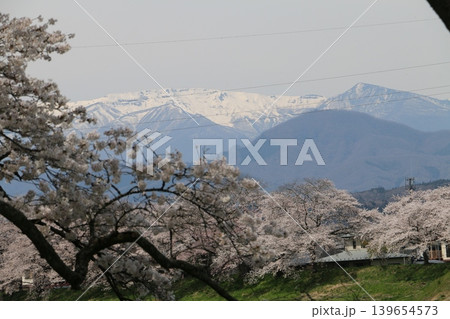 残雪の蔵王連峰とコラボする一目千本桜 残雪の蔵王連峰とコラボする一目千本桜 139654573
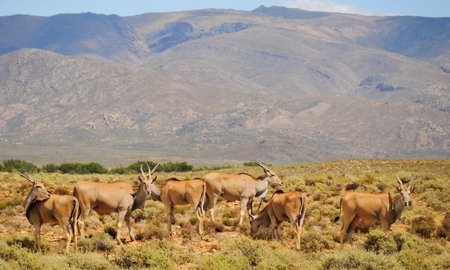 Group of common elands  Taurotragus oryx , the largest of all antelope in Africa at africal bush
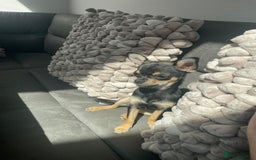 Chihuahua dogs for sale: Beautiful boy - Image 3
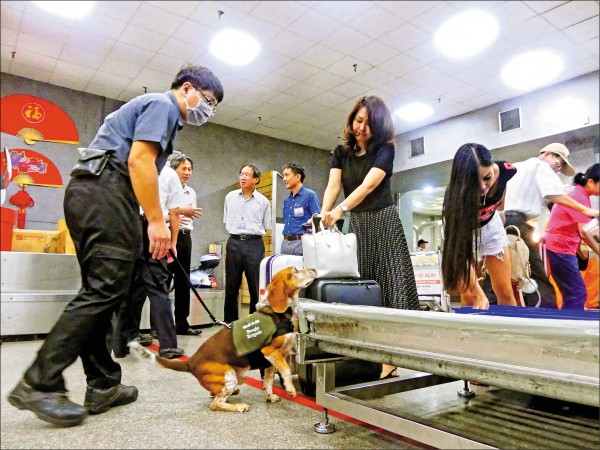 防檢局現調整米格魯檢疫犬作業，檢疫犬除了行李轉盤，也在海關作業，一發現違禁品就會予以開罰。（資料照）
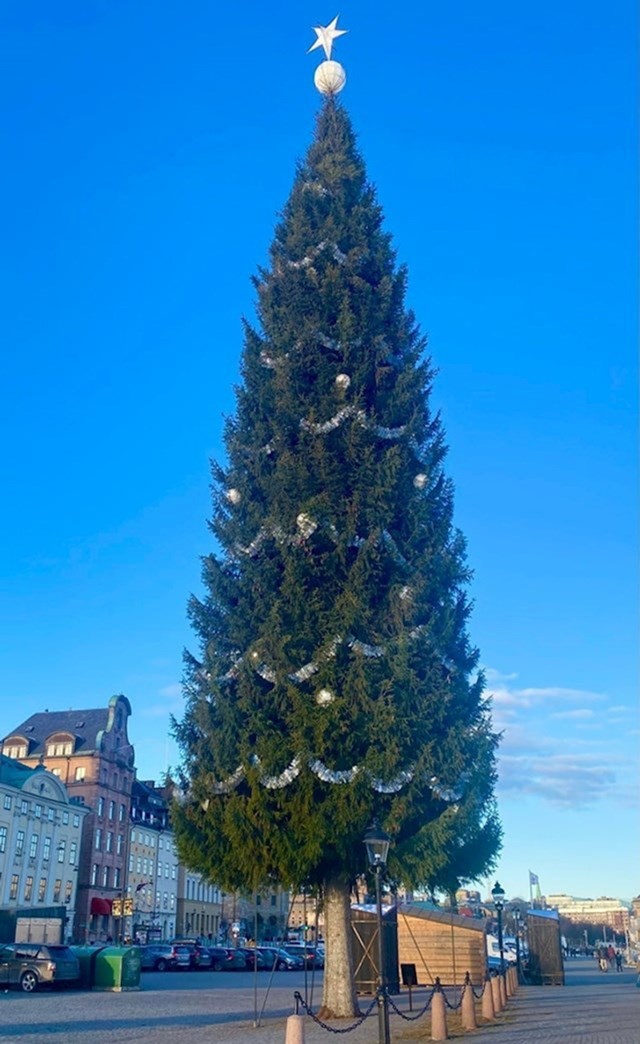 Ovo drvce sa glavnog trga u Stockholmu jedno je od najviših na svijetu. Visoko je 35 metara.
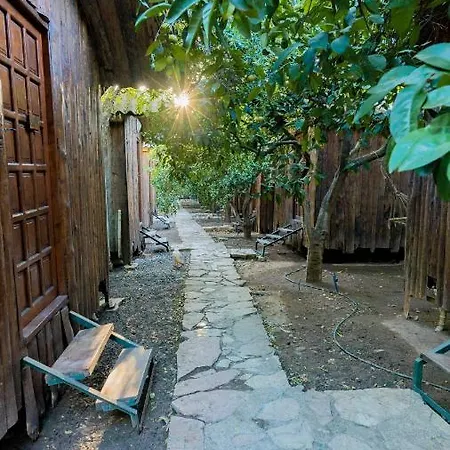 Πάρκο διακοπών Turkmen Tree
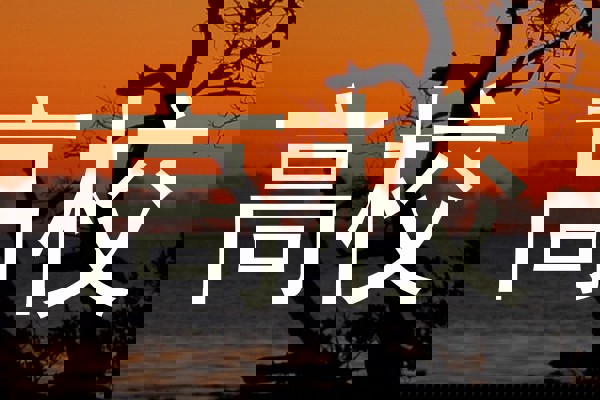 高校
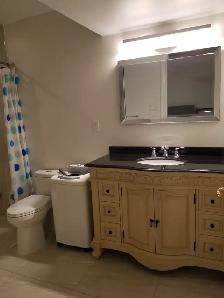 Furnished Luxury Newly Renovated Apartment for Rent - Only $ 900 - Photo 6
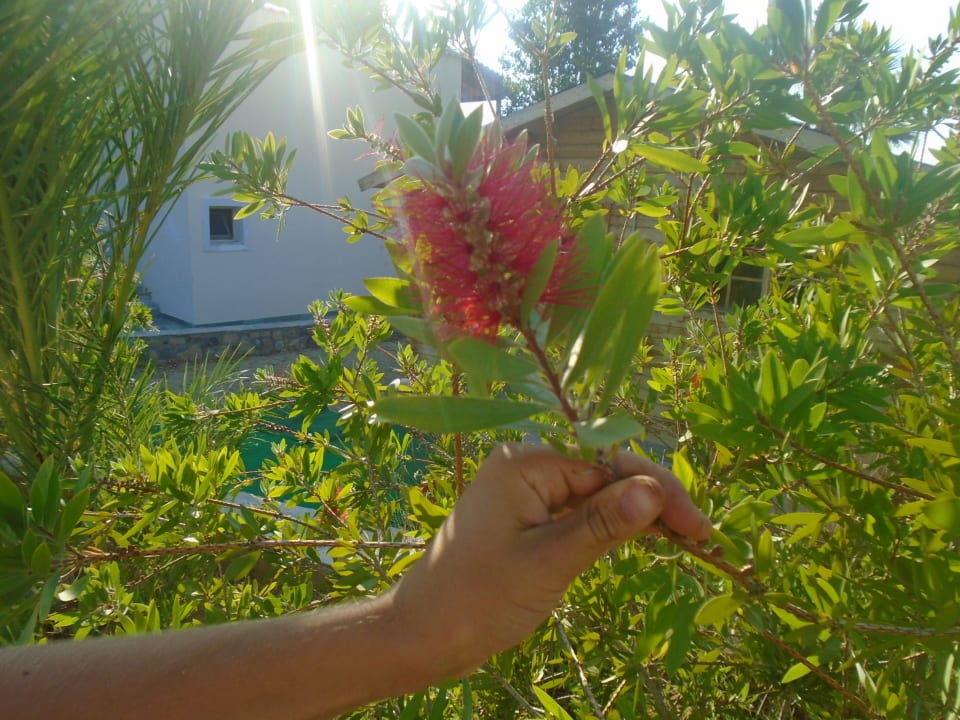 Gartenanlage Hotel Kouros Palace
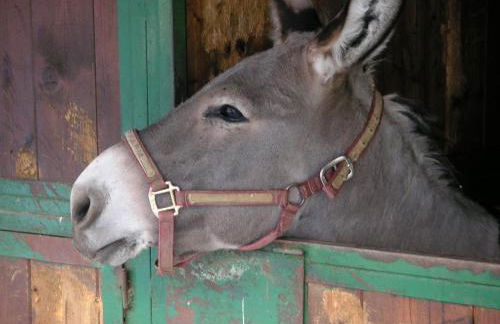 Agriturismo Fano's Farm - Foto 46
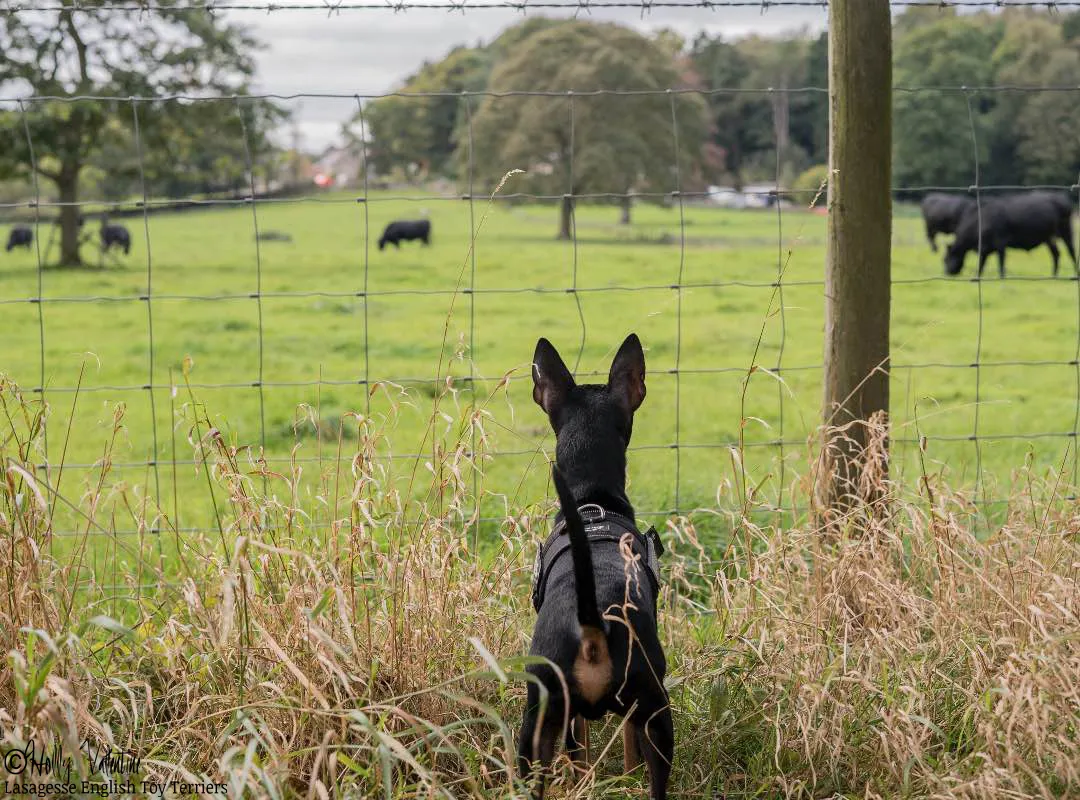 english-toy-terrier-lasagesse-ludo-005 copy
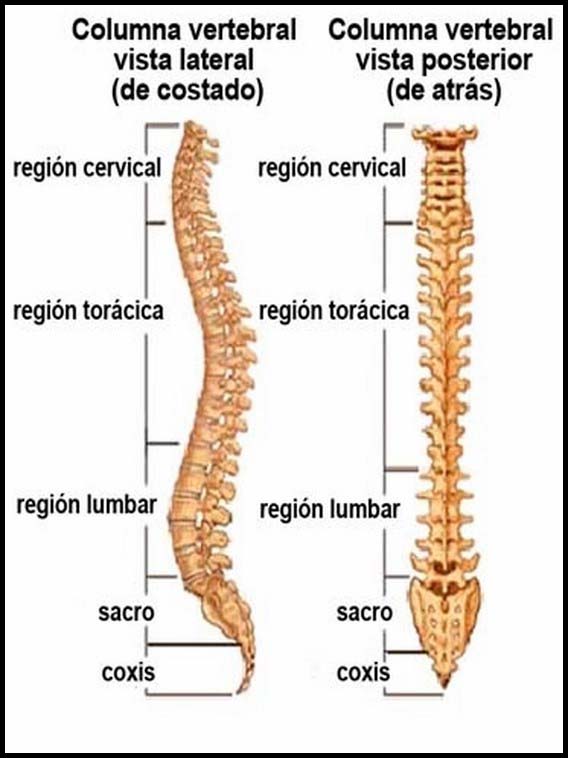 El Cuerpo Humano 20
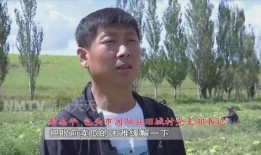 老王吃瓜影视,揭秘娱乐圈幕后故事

# # # # #

● TASK: Each entry is to be transcribed verbatim, and any picture in it is to be skipped.

● RESPONSE TO THE TASK:
 残雪の蔵王連峰とコラボする一目千本桜 残雪の蔵王連峰とコラボする一目千本桜 139654573
 Group of common elands  Taurotragus oryx , the largest of all antelope in Africa at africal bush
 Chihuahua dogs for sale: Beautiful boy - Image 3
 防檢局現調整米格魯檢疫犬作業，檢疫犬除了行李轉盤，也在海關作業，一發現違禁品就會予以開罰。（資料照）
 Ovo drvce sa glavnog trga u Stockholmu jedno je od najviših na svijetu. Visoko je 35 metara.
 Πάρκο διακοπών Turkmen Tree
 高校
 Furnished Luxury Newly Renovated Apartment for Rent - Only $ 900 - Photo 6
 Gartenanlage Hotel Kouros Palace
 Agriturismo Fano's Farm - Foto 46
 english-toy-terrier-lasagesse-ludo-005 copy
 El Cuerpo Humano 20
 老王吃瓜影视,揭秘娱乐圈幕后故事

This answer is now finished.